[Date Prev][Date Next][Thread Prev][Thread Next][Date Index][Thread Index]
Re: multifd/tcp/zlib intermittent abort (was: Re: [PULL 00/18] migration
From: |
Dr. David Alan Gilbert |
Subject: |
Re: multifd/tcp/zlib intermittent abort (was: Re: [PULL 00/18] migration queue) |
Date: |
Tue, 15 Mar 2022 16:14:52 +0000 |
User-agent: |
Mutt/2.1.5 (2021-12-30) |
* Peter Maydell (peter.maydell@linaro.org) wrote:
> On Tue, 15 Mar 2022 at 14:39, Peter Maydell <peter.maydell@linaro.org> wrote:
> >
> > On Mon, 14 Mar 2022 at 19:44, Peter Maydell <peter.maydell@linaro.org>
> > wrote:
> > > On Mon, 14 Mar 2022 at 18:58, Peter Maydell <peter.maydell@linaro.org>
> > > wrote:
> > > > I just hit the abort case, narrowing it down to the
> > > > /i386/migration/multifd/tcp/zlib case, which can hit this without
> > > > any other tests being run:
> > >
> > > > This test seems to fail fairly frequently. I'll try a bisect...
> > >
> > > On this s390 machine, this test has been intermittent since
> > > it was first added in commit 7ec2c2b3c1 ("multifd: Add zlib compression
> > > multifd support") in 2019.
> >
> > I have tried (on current master) runs of various of the other
> > migration tests, and:
> > * /i386/migration/multifd/tcp/zstd completed 1170 iterations without
> > failing
> > * /i386/migration/precopy/tcp completed 4669 iterations without
> > failing
> > * /i386/migration/multifd/tcp/zlib fails usually within the first
> > 10 iterations (the most I ever saw it manage was 32)
> >
> > So whatever this is, it seems like it might be specific to the
> > zlib code somehow ?
>
> Maybe we're running into this bug
> https://bugs.launchpad.net/ubuntu/+source/zlib/+bug/1961427
> ("zlib: compressBound() returns an incorrect result on z15") ?

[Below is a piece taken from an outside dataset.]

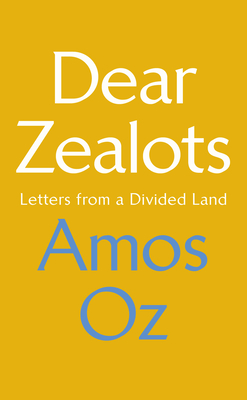 Dear Zealots: Letters from a Divided Land - Oz, Amos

The initial description of compressBound being wrong doesn't
feel like it would cause that; it claims it would trigger an error
(I'm not sure how good we are at spotting that!); but then later
in the description it says:
'Mistakes in dfltcc_free_window OF and especially DEFLATE_BOUND_COMPLEN,
(incl. the bit definitions), may cause various and unforseen defects'
Certainly looks like a 'various and unforseen defect'.
Dave
> That bug report claims it doesn't affect focal, though, which
> is what we're running on this box (specifically, the zlib1g
> package is version 1:1.2.11.dfsg-2ubuntu1.2).
>
> A run with DFLTCC=0 has made it past 60 iterations so far, which
> suggests that that does serve as a workaround for the bug.
>
> thanks
> -- PMM
>
--
Dr. David Alan Gilbert / dgilbert@redhat.com / Manchester, UK
- Re: [PULL 00/18] migration queue, (continued)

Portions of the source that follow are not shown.